Das geht schnell und macht keine Sauerei.


Einkochen wäre evtl. noch eine Alternative für dich, falls du die Partikel in kleineren Mengen "instant" benötigst.


mfg


----------



## Bananaq (16. Januar 2011)

*AW: Gekochte Partikel.. Kurze Frage*

Einweggen?


----------



## Udo561 (16. Januar 2011)

*AW: Gekochte Partikel.. Kurze Frage*

Hi,
du kannst deine Partikel ganz normal kochen , abkühlen lassen und vakum verpacken.
S o wie du sie benötigst in Portionen abpacken, dann halten sie sich gekühlt um die 8 Wochen.
Kannst dann einfach einen Beutel aus dem kühlschrank nehmen und zum angeln fahren.
Gruß Udo


----------



## minne6 (16. Januar 2011)

*AW: Gekochte Partikel.. Kurze Frage*

Ich habe meine Partikel auch eingekocht. Zumindest einen kleinen Teil, damit ich bei Kurzsessions nicht den Aufwand habe.
Hier kannste dir das nachlesen, wie man das macht. kannst du hier sehen . Im Prinzip ist es so wie normales einwecken, wie man es auch bei Marmelade macht. Allerdings muss man die Partikel lange quellen lassen. Gerade bei den Tigers musst du darauf achten, denn die gären ziemlich lange..auch später im Glas..


----------



## mmelch21 (16. Januar 2011)

*AW: Gekochte Partikel.. Kurze Frage*

ja dann werd ichs halt nächstes mal kochen und wie die sonst immer einfrieren..^^

lg


----------



## Sensitivfischer (16. Januar 2011)

*AW: Gekochte Partikel.. Kurze Frage*

Wenn du schon solche Faxen vorhast, deine Partikel als Fertigvorrat haben willst, statt sie ready zu machen, wenn du sie brauchst, dann gibt es ür meinen Begriff nur zwei gescheite Varianten:
Einwecken wie Marmelade oder die Kombi aus vakuumieren und einfrieren, nur die beiden Methoden halten echt lange.:g


----------



## minne6 (16. Januar 2011)

*AW: Gekochte Partikel.. Kurze Frage*

Wenn du die Möglichkeit hast, die Mengen einzufrieren, dann wäre das denke ich, die beste Alternative.


----------



## mmelch21 (16. Januar 2011)

*AW: Gekochte Partikel.. Kurze Frage*

Nur eins kapier ich nicht warum ich sie nicht kochen und trocknen kann? sind ja gleich nur verträglich und keimen nicht mehr oder?

lg


----------



## minne6 (16. Januar 2011)

*AW: Gekochte Partikel.. Kurze Frage*

Warum sollen die denn verträglicher sein.....? Karpfen haben keinen Magen und selbst wenn man die Partikel ungekocht verfüttern würde, dann quellen sie nicht im Karpfendarm, denn der Karpfen hat eine extrem schnelle Verdauung.


----------



## mmelch21 (16. Januar 2011)

*AW: Gekochte Partikel.. Kurze Frage*

Gut zu wissen..^^

lg


----------



## CarpDream (16. Januar 2011)

*AW: Gekochte Partikel.. Kurze Frage*



marcus7 schrieb:


> Ich verstehe die Frage immer noch nicht....
> 
> Du willst Partikel kochen, dann trocknen?
> 
> ...



:m:m:m


----------



## jochen1000 (16. Januar 2011)

*AW: Gekochte Partikel.. Kurze Frage*

Ich verstehe nicht so ganz, warum du die nicht trocken lagerst, also so wie du sie gekauft hast und dann jeweils vor dem angeln kochst? Wenn du sie trocken, kühl und dunkel lagerst, dann keimt da auch nichts.

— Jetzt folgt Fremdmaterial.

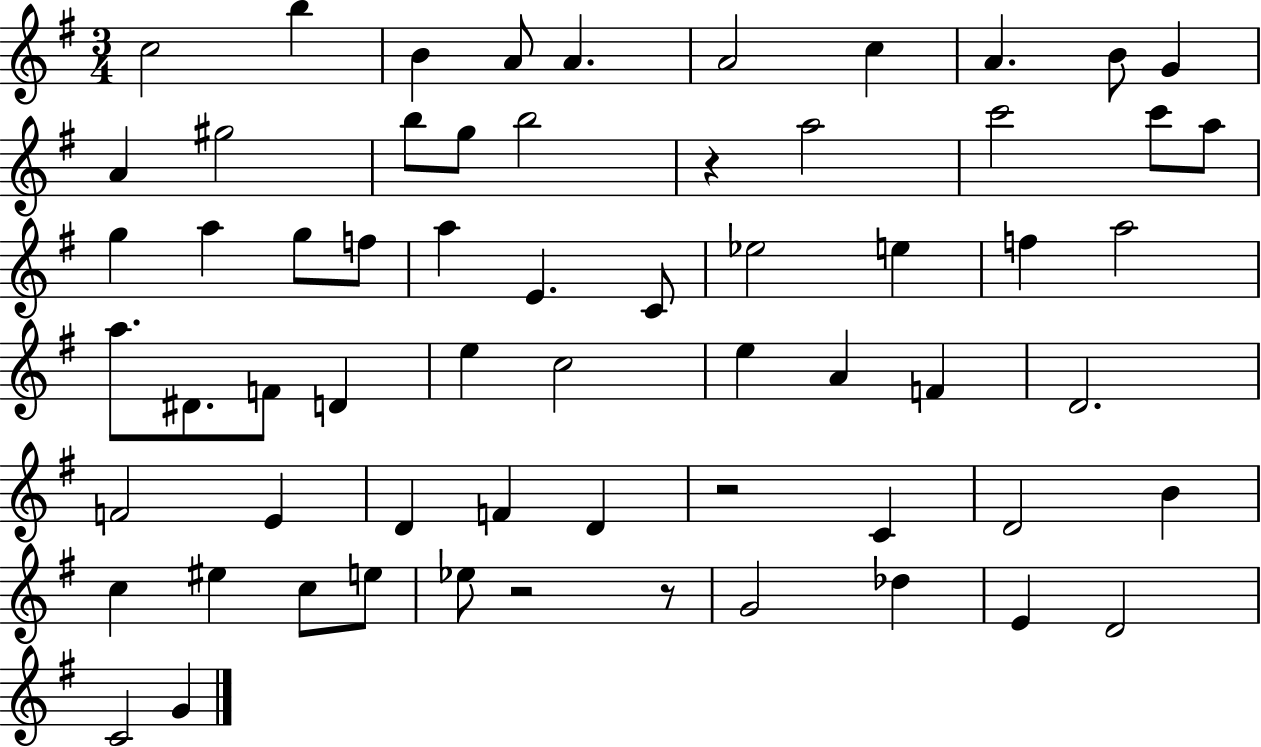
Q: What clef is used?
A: treble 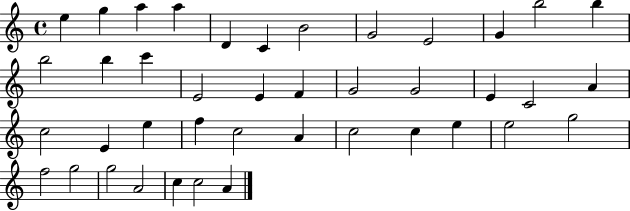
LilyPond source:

{
  \clef treble
  \time 4/4
  \defaultTimeSignature
  \key c \major
  e''4 g''4 a''4 a''4 | d'4 c'4 b'2 | g'2 e'2 | g'4 b''2 b''4 | \break b''2 b''4 c'''4 | e'2 e'4 f'4 | g'2 g'2 | e'4 c'2 a'4 | \break c''2 e'4 e''4 | f''4 c''2 a'4 | c''2 c''4 e''4 | e''2 g''2 | \break f''2 g''2 | g''2 a'2 | c''4 c''2 a'4 | \bar "|."
} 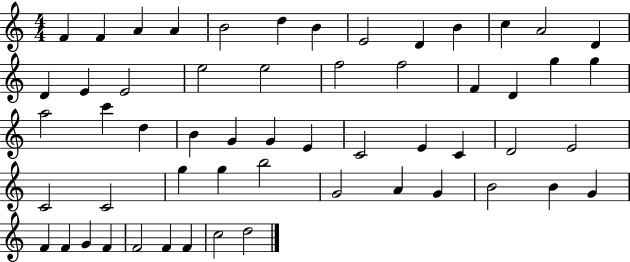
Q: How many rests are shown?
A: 0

Dann entnimmst du die jeweilig zum Angeln benötigte Menge, kochst diese ab, lässt sie gären und Abfahrt! Ist doch wesentlich einfacher?!


----------



## derNershofer (16. Januar 2011)

*AW: Gekochte Partikel.. Kurze Frage*

Wenn du die Partikel trocken und kühl lagerst dann fangen sie auch nicht an zu keimen. 
Ich hoffe hab jetzt alles richtig verstanden.


----------



## minne6 (16. Januar 2011)

*AW: Gekochte Partikel.. Kurze Frage*



derNershofer schrieb:


> Wenn du die Partikel trocken und kühl lagerst dann fangen sie auch nicht an zu keimen.
> Ich hoffe hab jetzt alles richtig verstanden.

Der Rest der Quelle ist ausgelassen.